▶ _WHAT IS EXPECTED_
Please return only the lines between the line with "coronavirus or covid-19" and the final line of the entries, both included, and exclude pictures.
━━━━
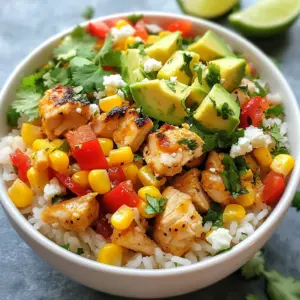 - 1 cup jasmine rice - 2 cups chicken broth - 2 chicken breasts, diced - 1 tablespoon olive oil - 1 teaspoon chili powder - 1/2 teaspoon smoked paprika - 1/2 teaspoon cumin - Salt and pepper to taste - 1 cup corn kernels (canned or fresh) - 1/2 cup red bell pepper, diced - 1/4 cup red onion, finely chopped - 1 avocado, sliced - 1/4 cup crumbled feta cheese - 1/2 cup cilantro, chopped - 1 lime, cut into wedges The main ingredients create a hearty base for your Street Corn Chicken Rice Bowl. Jasmine rice gives a nice texture. Chicken broth adds flavor, and chicken breasts provide protein. The spices, like chili powder and cumin, bring warmth and depth. You can add optional ingredients for extra flavor. Sliced avocado gives creaminess. Feta cheese adds a salty kick. For garnishing, fresh cilantro brightens the dish. Lime wedges offer a zesty finish. These ingredients make your rice bowl not just tasty but beautiful too! {{ingredient_image_1}} To make the perfect jasmine rice, start by boiling chicken broth in a medium pot. You want two cups of broth for one cup of rice. Once it boils, add the jasmine rice. Cover the pot and lower the heat. Let it simmer for about 15 minutes. This keeps the rice tender. After 15 minutes, remove the pot from the heat. Let it sit for 5 minutes, then fluff with a fork. This helps keep the rice light and airy. Now, let&rsquo;s cook the chicken. Heat one tablespoon of olive oil in a large skillet over medium heat. Add two diced chicken breasts to the skillet. Season the chicken with one teaspoon of chili powder, half a teaspoon of smoked paprika, half a teaspoon of cumin, and salt and pepper to taste. Stir the chicken frequently. Cook until it turns golden brown and is cooked through, which takes about 6 to 8 minutes. This step adds a lot of flavor to your bowl. Next, it&rsquo;s time to add the veggies. Toss in one cup of corn kernels, half a cup of diced red bell pepper, and a quarter cup of finely chopped red onion to the skillet. Stir them into the chicken mixture. Cook for another 3 to 5 minutes, stirring often. You want the veggies heated and slightly soft. This mix gives your bowl a fresh and colorful touch. Now, you&rsquo;re ready to combine all the delicious parts of your bowl! To make fluffy rice, start with rinsing the jasmine rice. Rinsing removes extra starch. Use a medium saucepan for cooking. Add chicken broth to a boil before adding the rice. Cover the pot after adding rice. Lower the heat and let it simmer for 15 minutes. After cooking, let it sit for 5 minutes. Fluff the rice with a fork to separate the grains. For even cooking, cut chicken breasts into small, uniform pieces. This helps them cook at the same rate. Heat olive oil in a large skillet over medium heat. Add chicken and season with chili powder, smoked paprika, cumin, salt, and pepper. Cook for 6 to 8 minutes, stirring often. Look for a golden-brown color to know it's done. When adding vegetables, cut them into similar sizes for even cooking. Toss in corn, red bell pepper, and red onion after the chicken is cooked. Stir frequently to ensure they heat through and soften slightly. Cook for 3 to 5 minutes. This helps keep the veggies bright in color and full of flavor. Pro Tips Use Fresh Ingredients: Fresh corn and ripe avocados will enhance the flavor and texture of your rice bowl. Adjust Spice Levels: Tailor the chili powder and cumin to your spice preference for a mild or fiery dish. Let the Rice Rest: Allowing the rice to sit after cooking helps improve its texture, making it light and fluffy. Garnish for Flavor: Don&rsquo;t skip the lime wedges; they add a zesty brightness that complements the dish perfectly. {{image_2}} You can switch the chicken for other proteins. Shrimp works great with this dish. Just cook the shrimp for about 3-5 minutes until they turn pink. Tofu is another option. Use firm tofu and cube it. Saut&eacute; it until it is golden brown. You can also try turkey, beef, or pork. Each will add a unique taste to your bowl. If you want a vegetarian bowl, skip the chicken. Use more beans instead. Black beans or chickpeas add protein and fiber. You can also use grilled or roasted portobello mushrooms. They bring a nice texture and flavor. For a creamy touch, add a dollop of sour cream or Greek yogurt. Spices can change the whole flavor of your dish. For a kick, add cayenne pepper or red pepper flakes. If you prefer a smoky taste, add more smoked paprika. You can also experiment with taco seasoning. It gives a nice blend of flavors. Fresh herbs can add brightness. Try adding basil or parsley for a fresh twist. To keep your street corn chicken rice bowl fresh, store leftovers in an airtight container. Make sure to cool the bowl to room temperature first. Place it in the fridge within two hours of cooking. This keeps your meal safe and tasty for up to three days. When you&rsquo;re ready to enjoy leftovers, reheat them gently. You can microwave the bowl for about two minutes. Stir it halfway through to heat evenly. If you prefer, you can also use a skillet. Heat it on medium until warm, stirring often. This keeps the flavors nice and fresh. If you want to save some parts for later, freeze them separately. The rice and chicken freeze well. Place them in freezer-safe bags, removing as much air as possible. Use them within three months for best taste. When you&rsquo;re ready, thaw them overnight in the fridge before reheating. This way, you can enjoy your street corn chicken rice bowl again! You can use long-grain rice or basmati rice. Both types have a nice flavor. You can also try brown rice for a healthier option. It will add a nutty taste and more fiber. Keep in mind that cooking times may change. Brown rice often takes longer to cook. Yes, you can prepare this dish in advance. Cook the rice and chicken, then store them in separate containers. Keep the veggies fresh until you are ready to serve. This way, the ingredients stay crisp and tasty. You can reheat the rice and chicken when you want to eat. To make this bowl gluten-free, use gluten-free chicken broth. Most chicken broths are gluten-free, but check the label. You can keep the rest of the ingredients as they are. The rice, chicken, and vegetables are all gluten-free. This dish will still taste great while meeting your dietary needs. This blog post covered the key ingredients and steps for making a Street Corn Chicken Rice Bowl. You learned how to prepare jasmine rice, cook chicken, and enhance flavors with veggies. Tips for fluffy rice and even chicken cooking will guide you. Variations let you choose proteins or spices, fitting your taste. Proper storage ensures leftovers stay fresh, and you can reheat them easily. Enjoy your cooking adventure and make this dish your own!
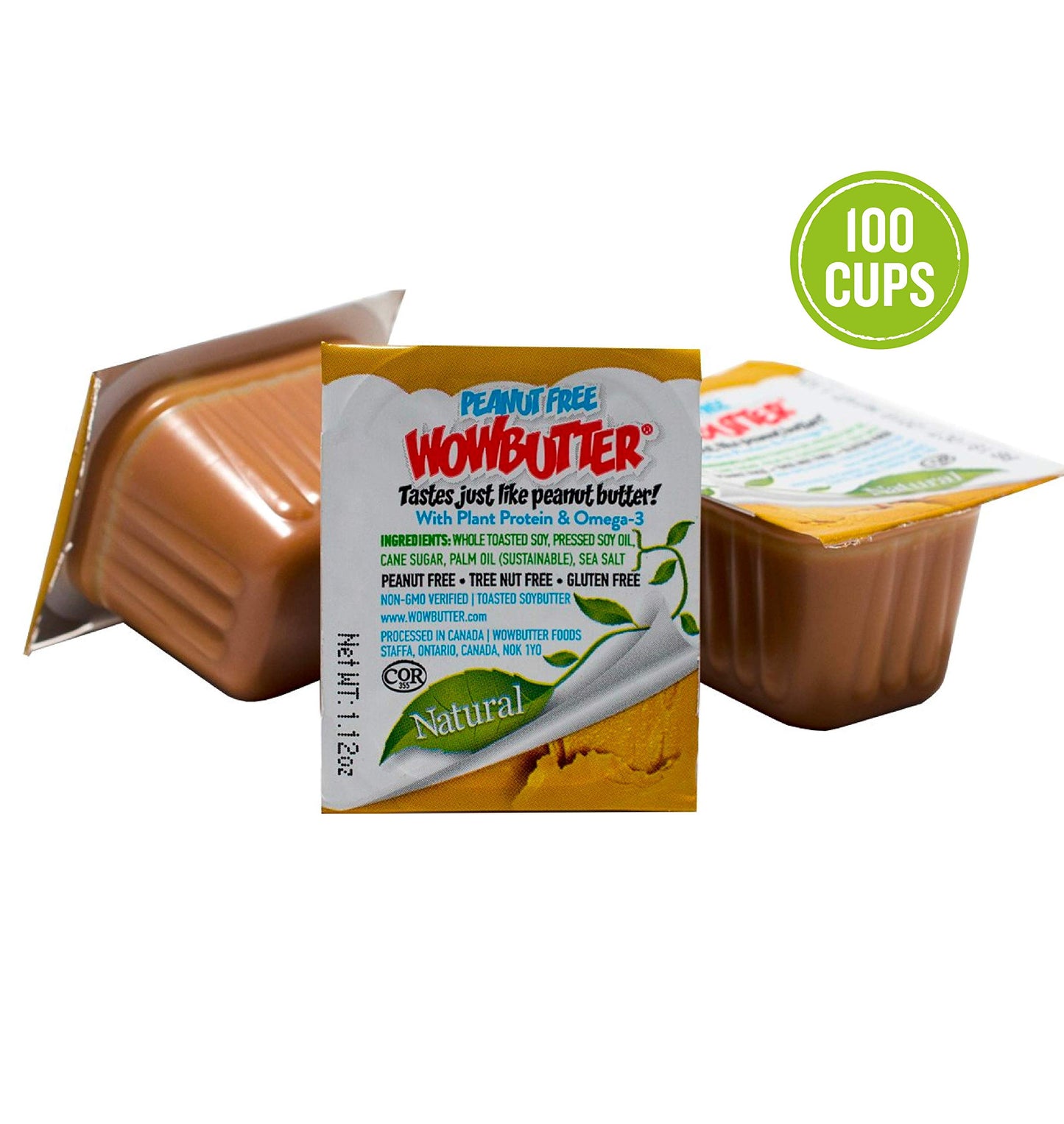 WOWBUTTER - Creamy Soy Spread - Peanut Free, Tree Nut Free - Vegan Plant Protein - Gluten Free - Non-GMO - 1.12 oz - Pack of 100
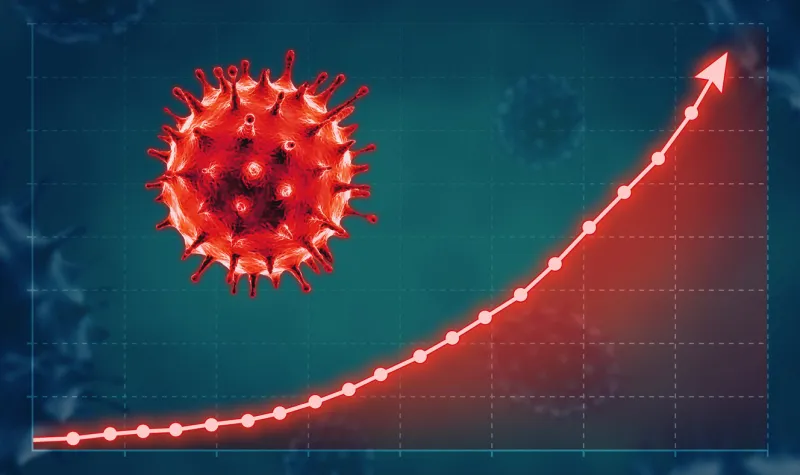 coronavirus or covid-19 spreading concept with growth graph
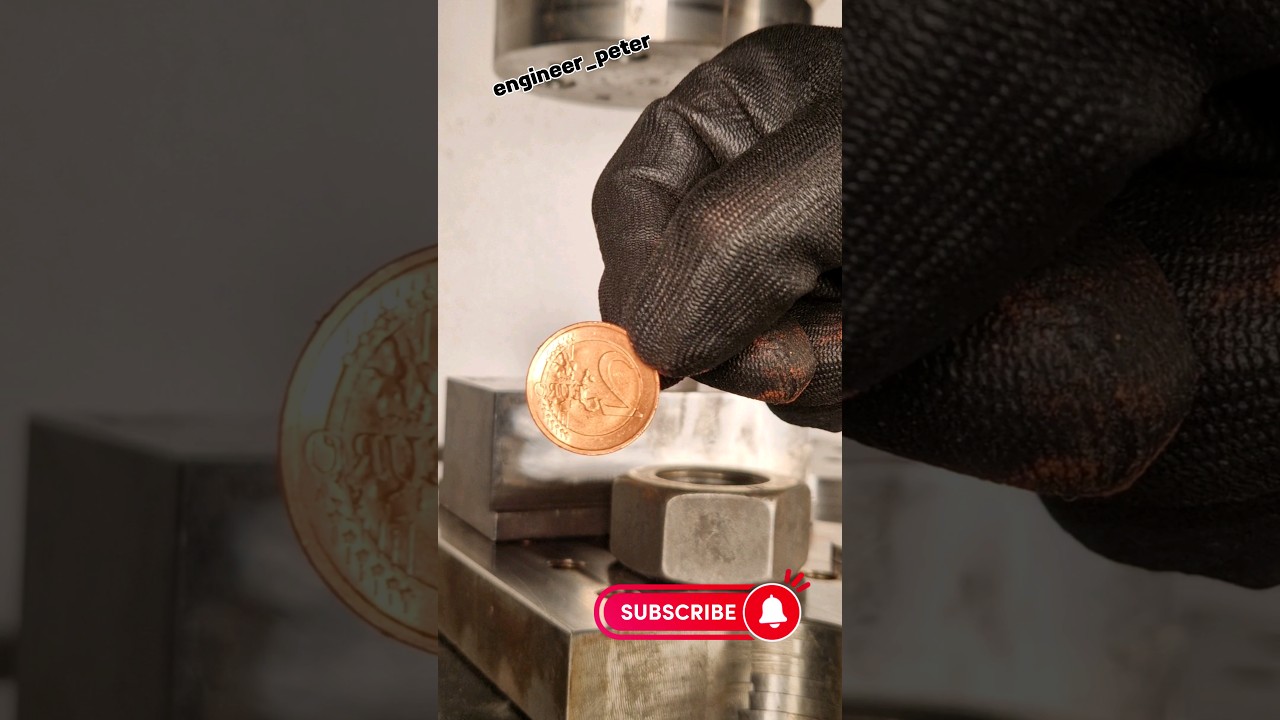 2&euro; Coin from a copper powder #hydraulicpress #engineeringtests #cool  #viral #coin #copper
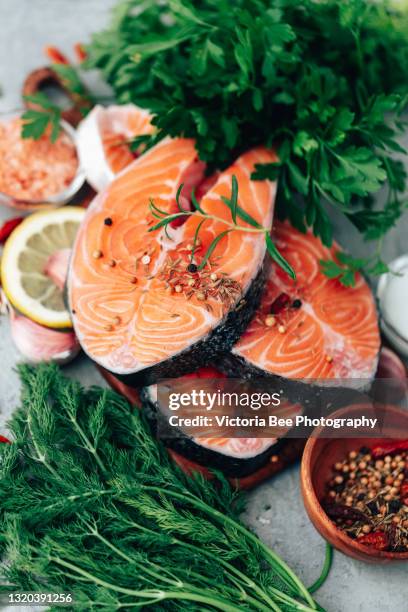 salmon. raw trout red fish steak with ingredients for cooking. cooking salmon, sea food. healthy eating concept - filete de salmón fotografías e imágenes de stock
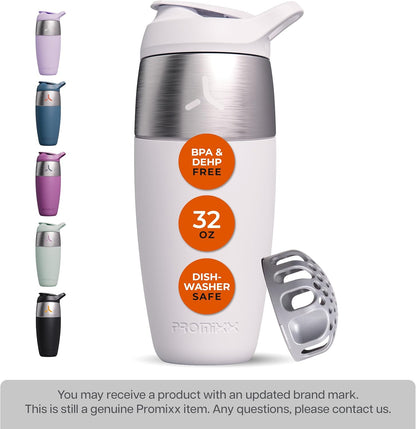 32oz Stainless Steel Protein Shaker Bottle – Leak-Proof Metal Shaker Cup with Snap-Fit Agitator for Smooth, Clump-Free Shakes – BPA-Free, Odor Resistant, Easy to Clean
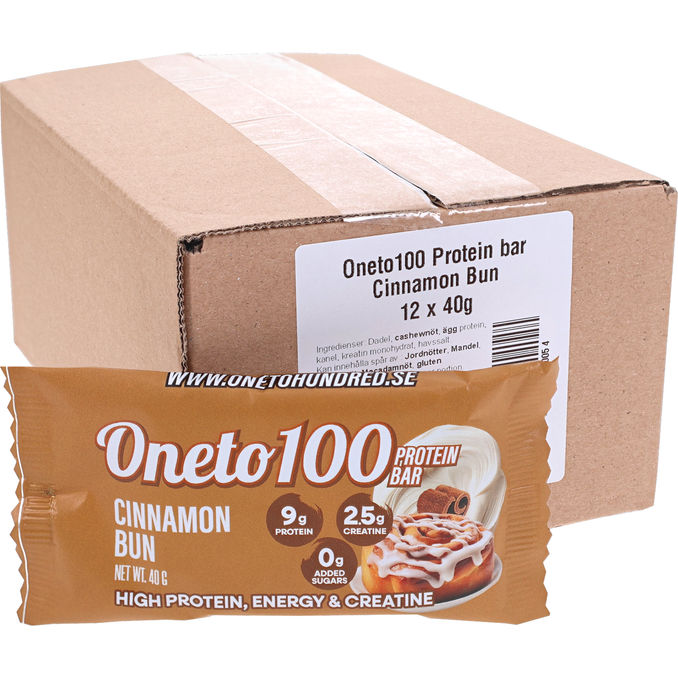 Oneto100 Proteinbar Cinnamon Bun 12-pack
━━━━
▶ _SOLUTION TO THE EXERCISE_
 coronavirus or covid-19 spreading concept with growth graph
 2&euro; Coin from a copper powder #hydraulicpress #engineeringtests #cool  #viral #coin #copper
 salmon. raw trout red fish steak with ingredients for cooking. cooking salmon, sea food. healthy eating concept - filete de salmón fotografías e imágenes de stock
 32oz Stainless Steel Protein Shaker Bottle – Leak-Proof Metal Shaker Cup with Snap-Fit Agitator for Smooth, Clump-Free Shakes – BPA-Free, Odor Resistant, Easy to Clean
 Oneto100 Proteinbar Cinnamon Bun 12-pack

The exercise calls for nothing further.